The brand new BMO Harris Bank Pavilion on Summerfest’s southeast tip was a great idea on paper; everyone has experienced the frustration of trying to hear and see a band at the Miller Oasis that’s way too big to be playing the Miller Oasis. The BMO is a cool-looking structure, too; the theatric curtains that serve as backdrop to the stage are a little out of place, but otherwise this metal shed has definite visual atmosphere. It’s a pity that it wasn’t designed with, say, acoustics in mind. If the Avett Brothers show is any indicator, you might as well plan on paying the big bucks for reserved seating as close as possible to the stage if you want to hear what’s being played with any sort of clarity. The band was having a blast and probably putting on a good show, but from anywhere in the general-admission area it was a muddled, distorted mess. Sigh. This does not bode well for My Morning Jacket and Counting Crows…

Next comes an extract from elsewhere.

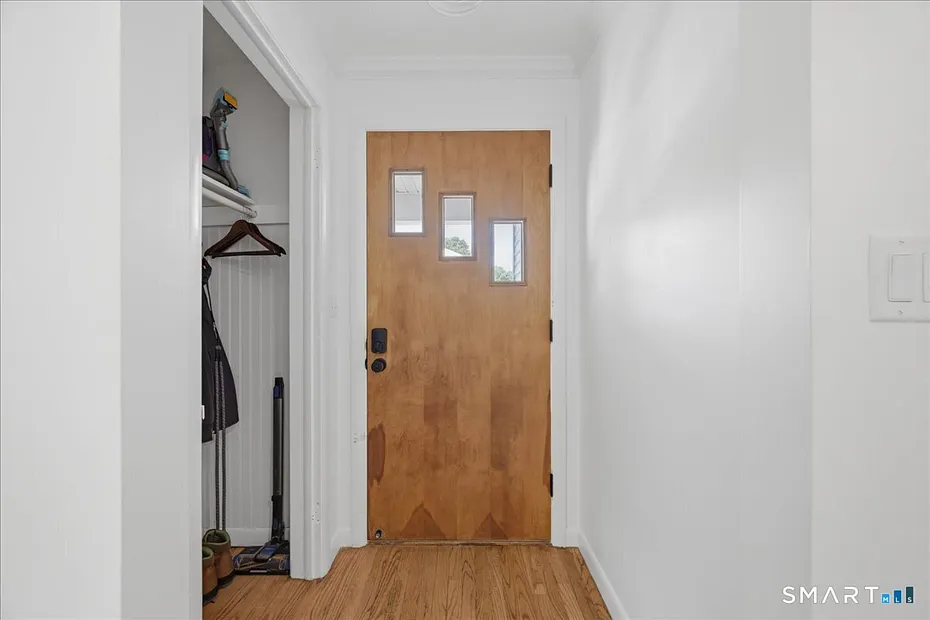 133 Bloomingdale Road Photo 7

En route to catch the end of Death Cab For Cutie’s set I heard a bit of Hunter Hayes. Or rather, I heard the anguished screams of girls from the general direction of the Briggs & Stratton stage. Presumably, nobody actually got hurt, and these girls were just in the throes of idol-worship. But holy crap, it sounded like Beatlemania over there.The more time goes on, the more it seems like Death Cab has to have run its course by now. It’s hard to believe that Ben Gibbard is still into this band. But judging by the last 45 minutes or so of Thursday’s performance, he’s very much into it, and so are the fans. The band isn’t afraid to stretch out, turning “We Looked Like Giants” into a marathon moody dance-a-thon, and while ending the main set with “Soul Meets Body” was a bit anticlimactic, the four-song encore more than made up for it. Plus, you could hear the music clearly. Lesson learned: skip the BMO if possible.